Prep 20 mins
Cook 15 mins
This is a fun fondue recipe from Food and Wine Magazine. The chocolate fondue is laced with bourbon and the pound cake is grilled - both different twists for a fondue! They suggest serving this fondue with fresh apricots, fresh pineapple and the grilled pound cake.
- 1 pineapple, peeled, cored and sliced in 1 inch thick chunks
- 1 1⁄2 lbs of pound cake, sliced 1 1/2 inchs thick
- 2 tablespoons unsalted butter, melted
- 4 apricots, pitted and quartered
- 1 cup heavy cream
- 2 tablespoons Bourbon
- 10 ounces semisweet chocolate, coarsely chopped (2 1/4 Cups)
- 10 ounces bittersweet chocolate, coarsely chopped (2 1/4 Cups)
- 1 pinch salt
- Heat up the grill.
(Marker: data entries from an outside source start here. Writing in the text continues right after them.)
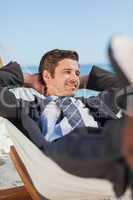 Happy businessman lying in hammock
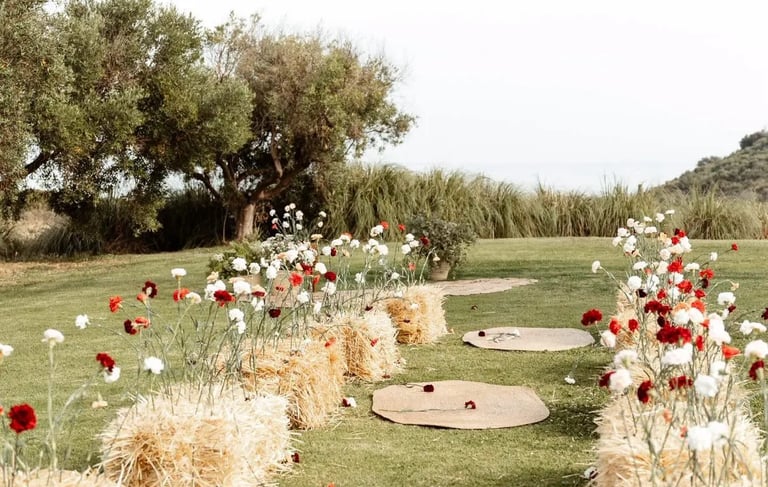 Rustic outdoor ceremony aisle with straw bales, red and white flowers, and woven jute rugs on a grassy lawn.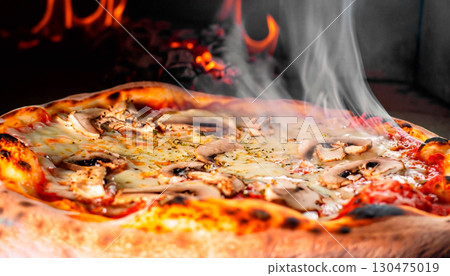 macro photo of pizza in a wood-fired oven with light smoke 130475019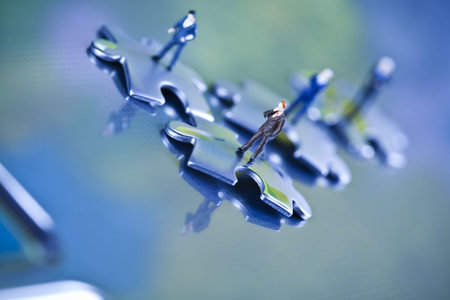 Laptop with figure over silver backgroundの写真素材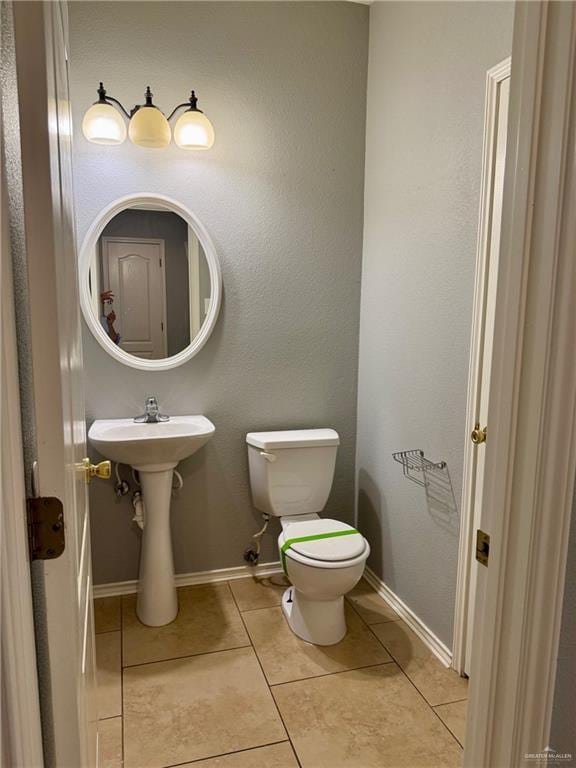 4717 Violet Ave, Mcallen, TX 78504 - half bath with baseboards, tile patterned floors, and toilet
Grill the pineapple slices over medium heat until charred on both sides, about 8 minutes.
- Brush the pound cake slices with the melted butter and grill over medium heat until toasted, about 4 minutes.
- Cut the pound cake into 1 inch cubes and transfer to a plate. Cut the pineapple into 1 inch cubes and transfer to a separate plate along with the apricots.
- In a pan, bring the cream and bourbon to a simmer. Add both of the chocolates and the salt, then remove the pan from the heat and let stand for 5 minutes. Whisk until smooth.
- Serve the chocolate with the grilled pound cake and fruit.